La Navidad. Ese periodo del año abonado a los buenos propósitos y a los buenos sentimientos. Amor, paz, familia, conceptos que se repiten sin cesar y que tratan de enmascarar, no olvidemos, el consumo desenfrenado de esas fechas. Días pues de impostura, de cierta perversión del mensaje original y de una hipocresía de niveles tan elevados que incluso llevan a censurar, bajo el epígrafe del amargor cínico, la posibilidad de criticar dichas festividades.
El cine, como no, también ha encontrado terreno abonado para este despliegue de azúcar en lo que se podría considerar ya un subgénero: las películas navideñas. Películas que abordan desde una perspectiva, a menudo coral, amores, conflictos menores y otros asuntos que podríamos llamar dramitas del primer mundo y que siempre, gracias a la bondad del espíritu navideño, se resuelven favorablemente. Ejemplo paradigmático podría ser Love Actually, hasta el punto de que la Navidad se da prácticamente por inaugurada o bien con su anual pase televisivo o cuando suena su tema icono All I Want for Christmas is You.
Claro está que, desde un perspectiva de género, también se han realizado films cuyo objetivo es subvertir personajes tradicionales como Santa Claus, pero siempre dando la impresión de que no se ataca lo institucional de la tradición sino más bien que se busca un giro puntual o hacer una broma pesada que, por sangrienta que sea, no ataca al núcleo duro del significado navideño.

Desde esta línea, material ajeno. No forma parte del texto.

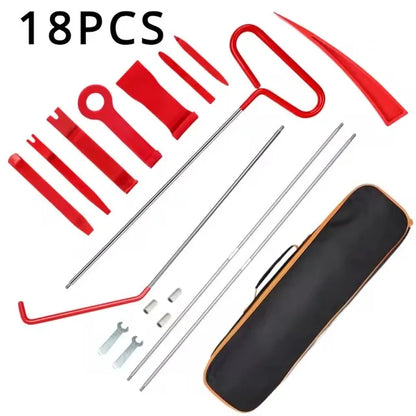 18PCS Door Tool Kit Inflatable Air Pump Window Open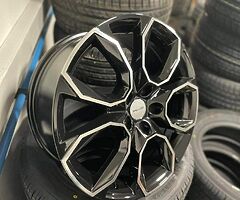 Skoda VRS style wheels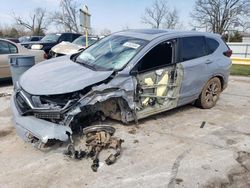 Salvage cars for sale at Rogersville, MO auction: 2021 Honda CR-V EXL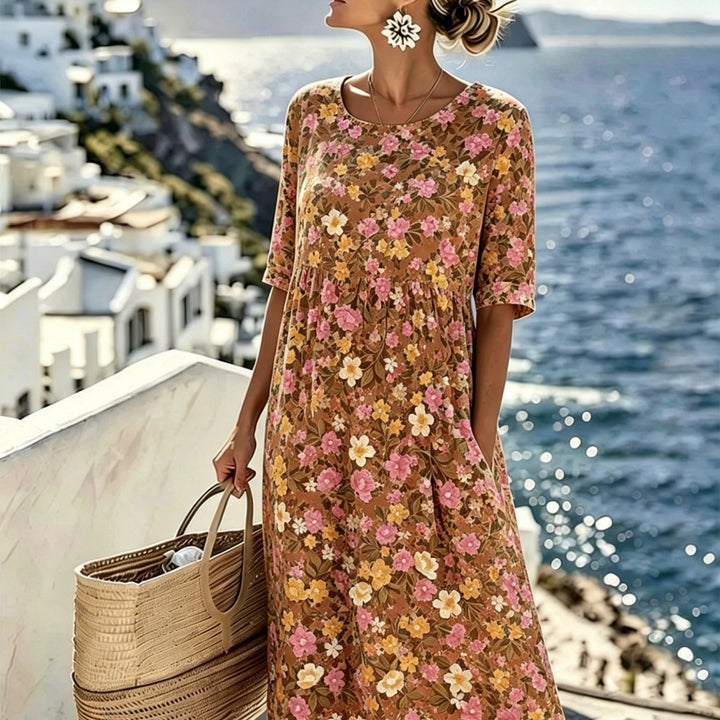 Savannah™ | Wildflower Meadow Midi Dress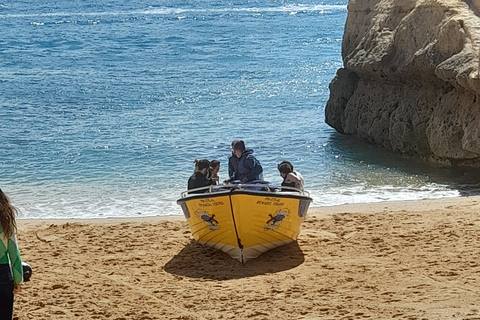 Albufeira: Wycieczka z przewodnikiem po wybrzeżu Algarve z degustacją wina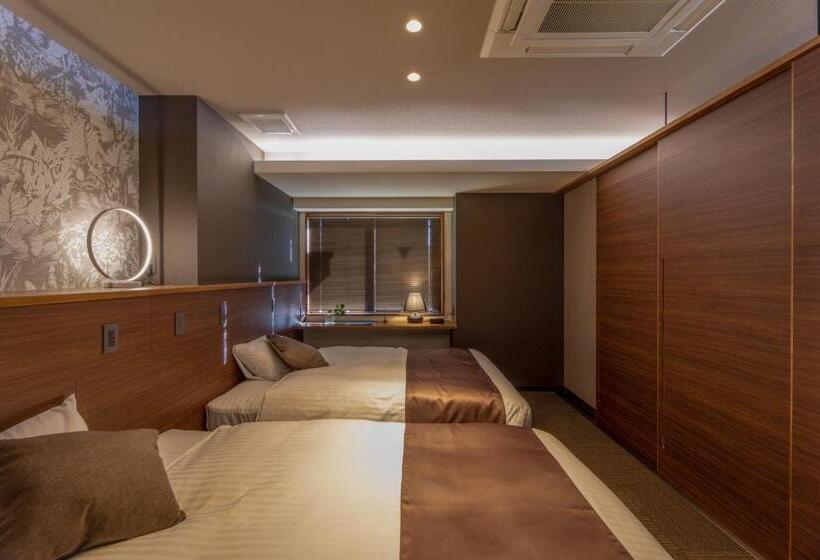 Lakosztály Erkéllyel, Itadaki Daisen 大山参道ホテル頂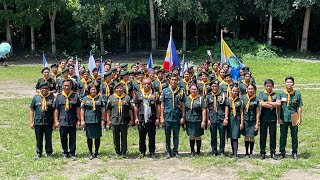 MATUTUM VIEW ACADEMY || MASTER GUIDE CLUB IN THEIR CEREMONIAL PARADE 9th JUNE 2023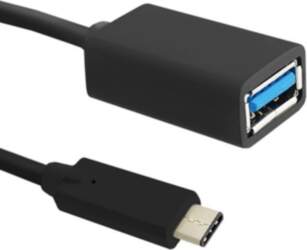 Kabel USB Qoltec USB-A - USB-C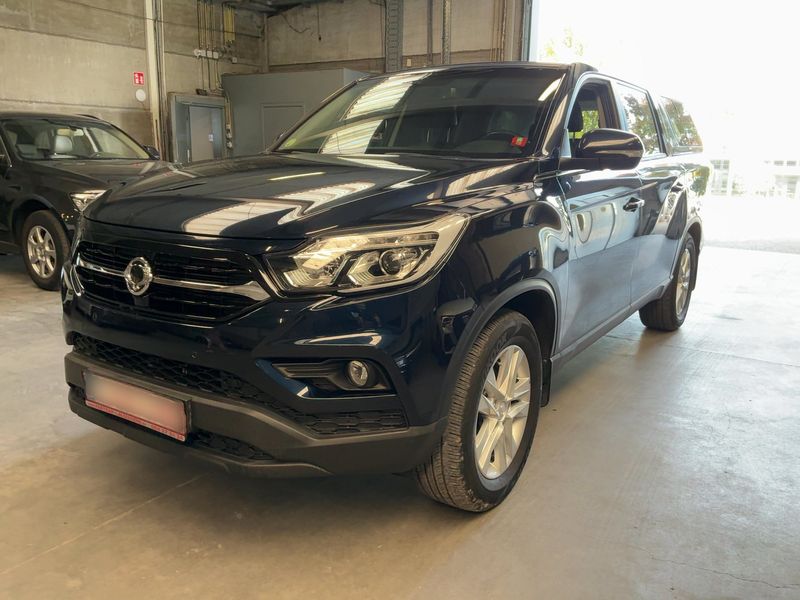 Ssangyong Musso 2.2 Diesel Crystal 4WD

Silent Night, de alguna manera, viene a ser el punto de encuentro de estas dos tradiciones. La reunión coral de amigos y familia con el cine de género, concretamente en este caso el de catástrofes y apocalipsis. En Silent Night son fácilmente reconocibles los tropos habituales en la comedia británica: pullas, bromas más o menos pesadas, secretos que salen a la luz de forma dramática (pero no mucho) y muchas reconciliaciones y celebración de la amistad. De hecho, sería un filme de Navidad más que notable incluso si se despojara de su giro genérico.
Pero el mero hecho de plantear una noche como la última noche antes de la extinción y la solución que se expone en ella permite al film de Camille Griffin explorar multitud de temas de forma orgánica y natural. No se trata de plantear disquisiciones existencialistas o trufar el metraje de discurso político, sino más bien de, muchas preguntas, algunas respuestas y, sobre todo, una visión bastante ajustada de las reacciones dispares ante el evento que no caen ni exageraciones, ni en catastrofismos emocionales exagerados. Es decir, el drama funciona en tanto somos capaces de empatizar e incluso reconocernos en sus personajes.
La emoción surge pues de forma instintiva, tanto en su vertiente de comedia (no tan negra como quisiera, por más hipérboles situacionales que añada) como en su vertiente más dramática, consiguiendo el propósito de dejar al espectador tan conmocionado, tan exhausto como los protagonistas de la película. Silent Night funciona en tanto que no solo es una experiencia cinematográfica bien diseñada y ensamblada sino que invita de forma no forzada a la discusión, al debate posterior y, sobre todo, a dejar un espacio y un ámbito de reflexión tanto intelectual como emocional.